À ses yeux, ces engagements traduisent l’existence de marges financières réelles. «L’argent existait», affirme-t-il, mais aurait été «dépensé sans vision stratégique» et hors d’un cadre budgétaire strict. Il voit dans cette gestion la source d’une tension actuelle sur la trésorerie et les services publics. La multiplication des délestages constituerait, selon lui, une autre illustration d’une crise «fabriquée, non héritée», nourrie par une «gestion erratique» et des choix contractuels contestables.
La ‘’contradiction performative’’ et la question de la légitimité
Mais le cœur de sa charge est conceptuel. Il parle d’une «contradiction performative» : «Le coup d’État était présenté comme la solution.
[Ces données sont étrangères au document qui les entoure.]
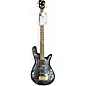 Used Spector Legend 4 Classic Black Electric Bass Guitar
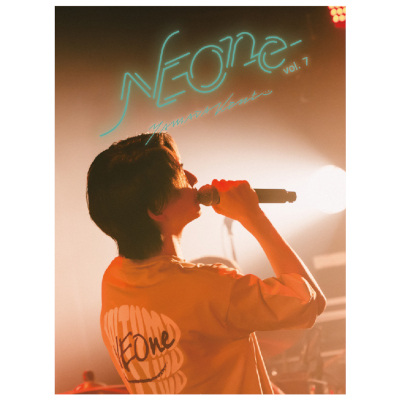 山田 健登 Online Shop/商品詳細 TOUR NEOne vol.7 ZINE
L’argument de l’héritage en est l’aveu d’échec.» Renverser un pouvoir au nom de la gravité des problèmes, puis invoquer ces mêmes difficultés pour expliquer l’inaction, reviendrait à «auto-réfuter sa propre légitimité initiale».
En contrepoint, Onanga Y’Obegue cite l’accession d’Ali Bongo Ondimba en 2009, estimant que celui-ci n’a «jamais transformé le passé en alibi permanent».
La conclusion du Dr. en droit privé, enseignant-chercheur à l’UOB est sans détour : «Un État moderne et responsable ne se gouverne pas par l’excuse.» Plus qu’un simple réquisitoire, la tribune se veut une mise en cause globale de la cohérence politique de la transition et post-transition, et de sa capacité à traduire la rupture proclamée en résultats tangibles.